Economic Forecast for 2016

It's no surprise investors are feeling a little shaky.

"You've got the Chinese stock market which is doing what it did four or five months ago. It’s taking a dive as some investors there are trying to recuperate some of their investment. As a result, the Chinese government has suspended trading which gets everybody nervous," said John Connaughton, Economics Professor at UNC Charlotte.

Not only that, but Connaughton says the Middle East and North Korea are adding fuel to the fire.

“There are increased tensions between Iran and Saudi Arabia. There have been fires at each other's embassies and they've broken off diplomatic relations. More recently, the North Koreans have been testing a hydrogen bomb.”

But Connaughton says investor instability doesn't have a huge impact unless you sell when stocks are low. And that’s big no-no in economics.
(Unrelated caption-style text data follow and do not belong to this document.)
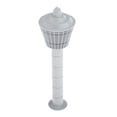 thumbnail image 2 of Modelo de faro de torre de Aeropuerto de simulación a escala 1/400 perfke Aeropuerto terminal torre bricolaje, 2 of 5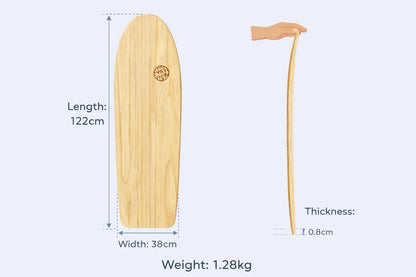Good Surf People Classic Adult Bellyboard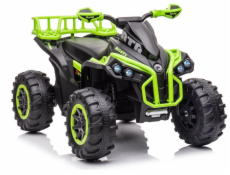 LeanToys Čtyřnásobná baterie GTS1199 zelená EDUKAMP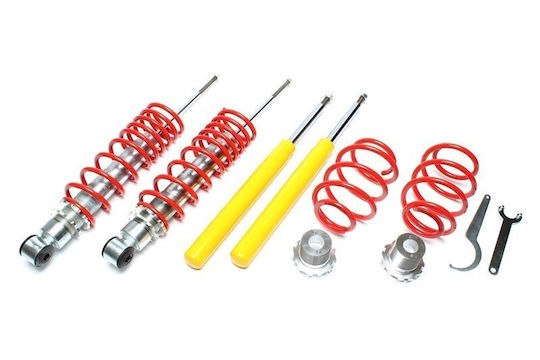Ta Technix Σετ Αναρτήσεις Ρυθμιζόμενες 4τμχ για Audi 80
"You've lost a significant percentage of the value of your assets if you had stocks or if a portion of your 401K was invested in stocks. You never lost anything you actually had. You only lose if you sell at the low point."

Here at home in the Charlotte area, we're seeing hundreds of layoffs.

This Friday, nearly one thousand people are being let go in Rowan County at Daimler Trucks of America.

Starting in February, D.A.L Global Services - a company that hires contractors at the airport -  will be letting just over 50 people go.

Widening the lens a bit, Macy's announced its cutting close to 5-thousand positions.

And Target says it will close 13 stores by the end of January.

Ok, let's take a breath. What do all these layoffs mean for the U.S. economy?

"When you look at hiring versus firing, the mismatch is really more hiring than firing. The proof of that is when the Friday jobs number comes out. It's all the new hires minus all the fires. That's going to be 200-thousand positions higher in December than in November."

A little bit of good news to temper our economic outlook for 2016.